The House and Senate both exceeded the two-thirds support required to pass the bill after disagreeing over whether it should expire in July 2021 or June 2018, the time frame that ultimately ended up in the bill.
The issue has long vexed landowners and outdoor enthusiasts. Daugaard on Monday had urged state lawmakers to support the measure during the special legislative session, saying he would sign the bill that day if it passed.
"It took much work, and a great deal of compromise, but this is a good policy," the Republican governor said during an address to the Legislature.
Later, he said signing the bill opens up tens of thousands of acres of waters to public recreation while also respecting the property rights of landowners.
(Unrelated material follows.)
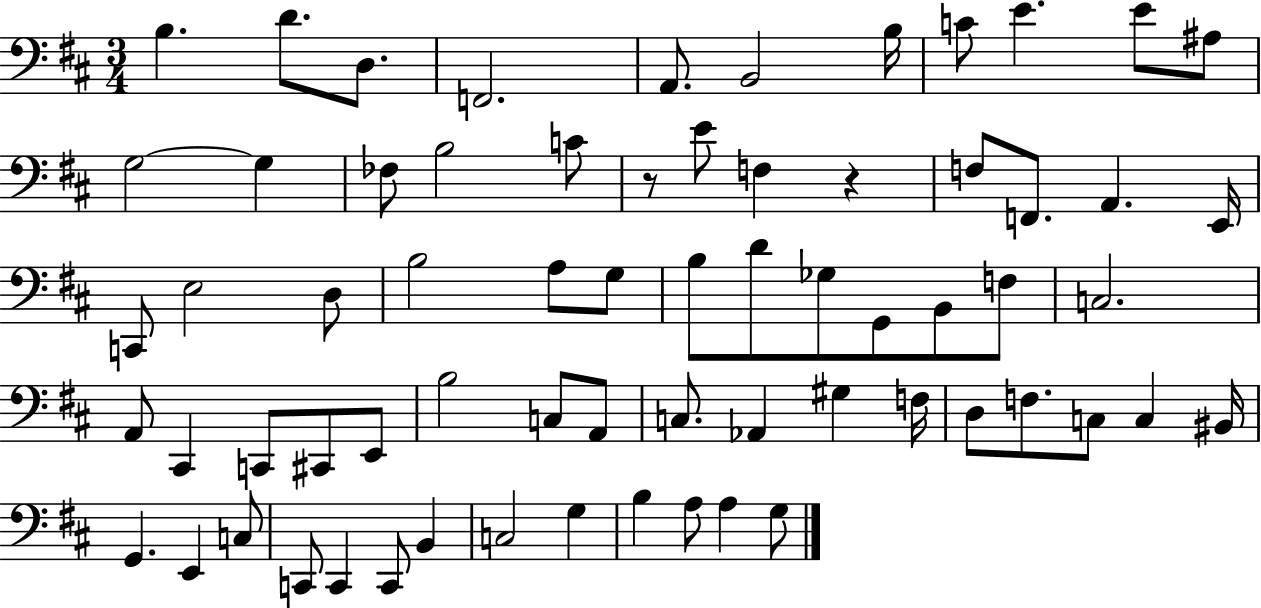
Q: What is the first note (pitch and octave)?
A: B3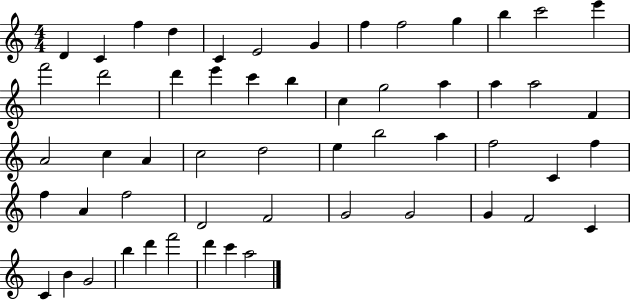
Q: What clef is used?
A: treble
State officials intervened after a South Dakota Supreme Court ruling in March that said the Legislature must decide the extent the public can use so-called nonmeandered waters on private land for recreation. Since the decision, the South Dakota Game, Fish & Parks Department has limited access to infrastructure on more than 20 lakes in the state.
Lawmakers convened a study committee that endorsed the legislation.
The study committee's proposal called for restoring access to nearly 30 lakes for public recreation hampered after the high court ruling. The bill also specifies that other lakes on private property are open for recreational use unless a landowner installs signs or buoys saying an area is closed, though property owners could still grant permission to use the water. The measure bars them from being paid for allowing fishing.
Under the bill, GF&P will be able to negotiate with landowners to open access to such lakes for recreation. With Daugaard's signature, the bill takes effect immediately.
Daugaard called the lakes an "economic engine," saying their closure has hurt small-town businesses. There are thousands of nonmeandered lakes in South Dakota, but only roughly 90 have had fishing, according to GF&P.
House Majority Leader Lee Qualm, a bill supporter, said lawmakers need to get lakes back open and give landowners respect.
The gathering was South Dakota's 26th special legislative session. Previously, the most recent was in 2011 for legislative redistricting.